Stuffed Mamba: State Collapse and State Capacity of RNN-Based Long-Context Modeling

Yingfa Chen; Xinrong Zhang; Shengding Hu; Xu Han; Zhiyuan Liu; Maosong Sun

Stuffed Mamba: State Collapse and State Capacity of RNN-Based Long-Context Modeling

Yingfa Chen, Xinrong Zhang, Shengding Hu, Xu Han, Zhiyuan Liu, Maosong Sun

27 Sept 2024 (modified: 05 Feb 2025)Submitted to ICLR 2025EveryoneRevisionsBibTeXCC BY 4.0

Keywords: RNN, foundation models, long-context

TL;DR: Systematic study of linear diagonal RNNs' length generalization failure and memory capacity in language modeling and contextual information retrieval.

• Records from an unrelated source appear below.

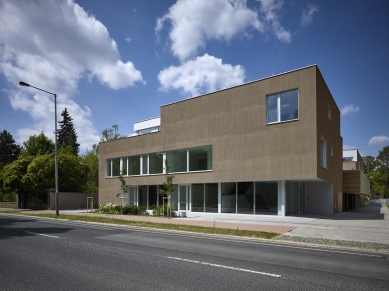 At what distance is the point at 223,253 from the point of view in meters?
9.17

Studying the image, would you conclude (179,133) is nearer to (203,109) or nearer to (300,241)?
(203,109)

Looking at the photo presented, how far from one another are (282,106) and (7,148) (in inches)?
3081

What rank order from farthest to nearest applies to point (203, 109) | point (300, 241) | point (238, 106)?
point (203, 109), point (238, 106), point (300, 241)

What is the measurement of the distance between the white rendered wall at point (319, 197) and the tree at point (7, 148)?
74.7m

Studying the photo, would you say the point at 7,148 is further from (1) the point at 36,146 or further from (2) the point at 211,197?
(2) the point at 211,197

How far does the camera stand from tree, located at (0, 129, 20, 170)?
255 feet

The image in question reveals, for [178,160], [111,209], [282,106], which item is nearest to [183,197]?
[178,160]

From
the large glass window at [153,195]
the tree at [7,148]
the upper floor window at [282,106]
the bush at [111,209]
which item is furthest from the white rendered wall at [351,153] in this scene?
the tree at [7,148]

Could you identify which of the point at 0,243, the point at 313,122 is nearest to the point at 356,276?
the point at 0,243

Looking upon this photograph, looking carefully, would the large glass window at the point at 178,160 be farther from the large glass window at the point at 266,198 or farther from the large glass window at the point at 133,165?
the large glass window at the point at 266,198

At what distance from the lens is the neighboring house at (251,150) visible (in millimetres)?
19609

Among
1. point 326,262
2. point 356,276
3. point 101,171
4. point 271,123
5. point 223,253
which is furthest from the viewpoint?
point 101,171

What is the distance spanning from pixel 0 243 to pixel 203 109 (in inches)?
669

Abstract: One essential advantage of recurrent neural networks (RNNs) over transformer-based language models is their linear computational complexity concerning the sequence length, which makes them much faster in handling long sequences during inference. However, most publicly available RNNs (e.g., Mamba and RWKV) are trained on sequences with less than 10K tokens, and their effectiveness in longer contexts remains largely unsatisfying so far. In this paper, we study the cause of the inability to process long context for RNNs and suggest critical mitigations. First, we investigate *state explosion* (SE) in Mamba-2 when processing long sequences, a phenomenon where some channels of the state exhibit exploding values that cause severe performance degradation. With controlled experiments, we discover that the model fails to forget the earlier tokens when there is more information than it can remember. We attribute this to overfitting due to the recurrent state being overparameterized for the training length, thereby establishing a relationship between SE and the capacity of the state. To support this hypothesis, we make an important empirical observation: for any given state size, there exists a training length threshold such that SE is exhibited if and only if the training length is greater than this threshold. Empirically searching for this threshold for different state sizes reveals that it is a linear function of the state size. We also search for the maximum context length at which the model can recall contextual information and find that this context length scales exponentially to the state size. Based on this, we empirically train a Mamba-2 370M with near-perfect passkey retrieval accuracy on 256K context length. This suggests a promising future for RNN-based long-context modeling. Code and model checkpoints will be publicly released.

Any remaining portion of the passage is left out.